Intercut with their intellectual flailing (which is charming, intelligent, articulate and by definition baffled), we get the story of a young woman named Amanda (Marlee Matlin). She is a photographer who has many questions about her life. Many of these are the usual questions we all have, like what does my life mean, and why do I look like this in the mirror? She unhappily attends a wedding party at which people think they are dancing and having a good time, but may in fact be bouncing randomly through space and time without a clue. Well, most parties are like that, but what we don't suspect is that the subatomic particles in our bodies may be partying in exactly the same way.
To visualize this idea, the filmmakers use brightly colored animated blobs to represent emotions, tendencies, memes, engrams, delusions, behavior patterns, senses, and various forms of matter or energy, all wandering around the universe trying to get a drink or maybe meet someone. As we see how random everything is, how much chance is involved, and what the odds are of anything happening or not happening, we ask ourselves, "What the #$*! Do We Know?" And we conclude that we don't know s%&t.

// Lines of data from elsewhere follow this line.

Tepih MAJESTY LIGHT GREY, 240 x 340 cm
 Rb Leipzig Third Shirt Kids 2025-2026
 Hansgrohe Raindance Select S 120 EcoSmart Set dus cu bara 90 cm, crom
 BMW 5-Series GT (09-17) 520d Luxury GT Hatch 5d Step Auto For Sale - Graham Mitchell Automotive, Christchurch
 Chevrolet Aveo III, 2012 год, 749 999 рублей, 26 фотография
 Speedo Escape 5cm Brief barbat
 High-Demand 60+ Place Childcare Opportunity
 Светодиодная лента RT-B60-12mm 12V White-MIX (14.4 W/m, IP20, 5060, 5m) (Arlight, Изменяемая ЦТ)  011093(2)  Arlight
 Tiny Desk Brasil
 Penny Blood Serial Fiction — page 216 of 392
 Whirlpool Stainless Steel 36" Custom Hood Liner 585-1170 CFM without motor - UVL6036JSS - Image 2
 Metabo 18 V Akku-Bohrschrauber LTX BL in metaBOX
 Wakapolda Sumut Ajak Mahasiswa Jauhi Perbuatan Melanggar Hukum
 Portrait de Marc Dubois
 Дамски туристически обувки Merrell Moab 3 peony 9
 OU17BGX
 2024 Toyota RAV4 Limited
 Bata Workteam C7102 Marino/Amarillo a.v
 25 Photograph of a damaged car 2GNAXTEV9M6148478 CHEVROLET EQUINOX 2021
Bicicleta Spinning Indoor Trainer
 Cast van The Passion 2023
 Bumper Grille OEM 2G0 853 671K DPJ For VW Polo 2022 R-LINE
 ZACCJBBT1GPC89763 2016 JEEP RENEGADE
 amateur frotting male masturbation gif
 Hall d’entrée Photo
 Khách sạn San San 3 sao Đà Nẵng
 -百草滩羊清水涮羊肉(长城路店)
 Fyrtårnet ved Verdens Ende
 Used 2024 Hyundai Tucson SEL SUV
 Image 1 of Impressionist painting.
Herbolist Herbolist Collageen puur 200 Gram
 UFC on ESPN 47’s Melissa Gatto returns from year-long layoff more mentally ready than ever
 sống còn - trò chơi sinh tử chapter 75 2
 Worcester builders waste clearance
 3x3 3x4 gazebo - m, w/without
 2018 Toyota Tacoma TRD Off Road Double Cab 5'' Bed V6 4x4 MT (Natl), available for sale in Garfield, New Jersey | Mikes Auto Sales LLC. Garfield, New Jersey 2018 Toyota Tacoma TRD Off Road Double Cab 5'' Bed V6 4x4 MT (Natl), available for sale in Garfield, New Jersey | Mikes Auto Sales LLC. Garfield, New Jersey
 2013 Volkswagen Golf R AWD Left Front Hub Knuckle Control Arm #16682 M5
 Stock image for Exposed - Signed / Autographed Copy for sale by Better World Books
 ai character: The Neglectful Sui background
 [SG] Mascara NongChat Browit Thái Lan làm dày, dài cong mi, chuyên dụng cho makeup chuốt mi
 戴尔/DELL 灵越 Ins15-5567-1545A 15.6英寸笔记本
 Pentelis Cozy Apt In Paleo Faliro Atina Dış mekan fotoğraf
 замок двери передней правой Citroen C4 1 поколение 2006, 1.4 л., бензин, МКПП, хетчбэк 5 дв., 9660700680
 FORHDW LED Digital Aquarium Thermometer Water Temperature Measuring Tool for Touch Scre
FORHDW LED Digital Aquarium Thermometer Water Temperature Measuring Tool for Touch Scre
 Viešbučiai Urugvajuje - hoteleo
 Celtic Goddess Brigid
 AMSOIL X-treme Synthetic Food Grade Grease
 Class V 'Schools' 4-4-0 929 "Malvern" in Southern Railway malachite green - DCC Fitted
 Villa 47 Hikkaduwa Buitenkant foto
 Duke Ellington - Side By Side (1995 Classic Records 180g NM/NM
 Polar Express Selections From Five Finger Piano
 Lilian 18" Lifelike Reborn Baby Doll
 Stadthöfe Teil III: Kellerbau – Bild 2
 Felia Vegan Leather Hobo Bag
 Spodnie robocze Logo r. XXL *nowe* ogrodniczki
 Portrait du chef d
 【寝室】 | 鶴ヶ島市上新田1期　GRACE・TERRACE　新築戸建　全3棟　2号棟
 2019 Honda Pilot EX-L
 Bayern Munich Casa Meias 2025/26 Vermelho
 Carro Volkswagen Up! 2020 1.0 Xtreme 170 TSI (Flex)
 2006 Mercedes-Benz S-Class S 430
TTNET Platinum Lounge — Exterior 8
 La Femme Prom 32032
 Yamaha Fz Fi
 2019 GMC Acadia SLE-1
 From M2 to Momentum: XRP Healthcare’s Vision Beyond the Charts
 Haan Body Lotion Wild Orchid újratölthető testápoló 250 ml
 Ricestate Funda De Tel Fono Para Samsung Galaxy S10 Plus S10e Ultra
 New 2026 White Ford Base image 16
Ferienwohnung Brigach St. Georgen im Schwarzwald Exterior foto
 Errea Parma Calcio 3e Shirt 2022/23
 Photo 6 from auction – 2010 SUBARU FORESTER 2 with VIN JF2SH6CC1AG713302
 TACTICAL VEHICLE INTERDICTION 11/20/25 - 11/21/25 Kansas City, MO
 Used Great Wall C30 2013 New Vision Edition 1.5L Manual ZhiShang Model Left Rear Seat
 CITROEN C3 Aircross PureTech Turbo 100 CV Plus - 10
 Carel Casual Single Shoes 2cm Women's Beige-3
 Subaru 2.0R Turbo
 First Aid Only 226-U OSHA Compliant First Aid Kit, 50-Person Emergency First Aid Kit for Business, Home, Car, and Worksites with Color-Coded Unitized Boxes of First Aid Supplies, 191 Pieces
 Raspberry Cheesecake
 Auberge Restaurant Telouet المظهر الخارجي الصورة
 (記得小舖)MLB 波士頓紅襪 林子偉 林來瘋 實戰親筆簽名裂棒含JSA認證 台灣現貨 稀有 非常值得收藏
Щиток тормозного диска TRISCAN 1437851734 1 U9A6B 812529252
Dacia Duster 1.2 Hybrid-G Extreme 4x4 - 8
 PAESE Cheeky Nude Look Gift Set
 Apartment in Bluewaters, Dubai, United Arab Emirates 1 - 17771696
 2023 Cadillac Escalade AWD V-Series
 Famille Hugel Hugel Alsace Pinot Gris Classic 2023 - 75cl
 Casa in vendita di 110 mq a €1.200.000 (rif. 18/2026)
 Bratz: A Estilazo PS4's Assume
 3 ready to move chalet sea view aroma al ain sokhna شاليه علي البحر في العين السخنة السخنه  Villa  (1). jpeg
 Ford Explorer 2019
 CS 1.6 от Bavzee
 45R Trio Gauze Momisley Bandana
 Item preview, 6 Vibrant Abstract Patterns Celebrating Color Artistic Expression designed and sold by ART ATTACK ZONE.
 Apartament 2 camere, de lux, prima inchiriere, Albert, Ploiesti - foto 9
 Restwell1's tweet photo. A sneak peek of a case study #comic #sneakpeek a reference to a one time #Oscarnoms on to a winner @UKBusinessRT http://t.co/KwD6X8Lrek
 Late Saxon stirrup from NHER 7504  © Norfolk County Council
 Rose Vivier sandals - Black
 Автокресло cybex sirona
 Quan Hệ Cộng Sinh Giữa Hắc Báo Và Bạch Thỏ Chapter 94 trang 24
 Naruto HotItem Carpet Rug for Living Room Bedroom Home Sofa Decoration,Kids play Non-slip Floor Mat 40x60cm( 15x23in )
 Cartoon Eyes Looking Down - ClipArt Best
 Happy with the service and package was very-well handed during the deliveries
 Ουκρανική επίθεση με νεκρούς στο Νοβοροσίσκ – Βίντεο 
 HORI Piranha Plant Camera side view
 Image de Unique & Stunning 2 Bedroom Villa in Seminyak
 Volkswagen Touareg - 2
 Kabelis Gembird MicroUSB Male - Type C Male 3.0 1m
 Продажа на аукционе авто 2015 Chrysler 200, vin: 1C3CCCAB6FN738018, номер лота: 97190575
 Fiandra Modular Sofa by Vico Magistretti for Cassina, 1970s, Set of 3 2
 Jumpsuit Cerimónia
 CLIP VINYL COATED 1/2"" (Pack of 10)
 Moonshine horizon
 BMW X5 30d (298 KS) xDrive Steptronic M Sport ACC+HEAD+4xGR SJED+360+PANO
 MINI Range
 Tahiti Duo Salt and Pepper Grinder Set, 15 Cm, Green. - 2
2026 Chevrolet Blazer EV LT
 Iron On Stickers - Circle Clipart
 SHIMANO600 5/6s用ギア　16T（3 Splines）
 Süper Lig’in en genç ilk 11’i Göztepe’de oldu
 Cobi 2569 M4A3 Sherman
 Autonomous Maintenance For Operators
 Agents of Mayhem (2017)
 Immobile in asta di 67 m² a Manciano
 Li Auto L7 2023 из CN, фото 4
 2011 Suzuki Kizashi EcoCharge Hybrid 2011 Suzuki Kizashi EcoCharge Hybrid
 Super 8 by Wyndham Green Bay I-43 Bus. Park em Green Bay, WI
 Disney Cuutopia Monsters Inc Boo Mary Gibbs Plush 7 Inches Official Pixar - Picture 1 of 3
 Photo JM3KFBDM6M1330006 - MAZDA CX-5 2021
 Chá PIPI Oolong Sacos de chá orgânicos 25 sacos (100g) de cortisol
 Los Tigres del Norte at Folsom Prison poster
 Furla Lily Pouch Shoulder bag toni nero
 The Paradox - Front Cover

That's where Ramtha comes in. Cathleen Falsani, who must have been taking notes while I was staring gobsmacked at the screen, quotes the 35,000-year-old Atlantean: "That we simply are has allowed this reality we call real, from the power of intangibility, to pull, out of inertness, action ... and mold it into a form we call matter." Like I said, Ramtha makes perfect sense. That I simply am a film critic has allowed this reality we call "What the #$*! Do We Know?," however intangible, to be molded into a form I call a movie review. Isn't life great?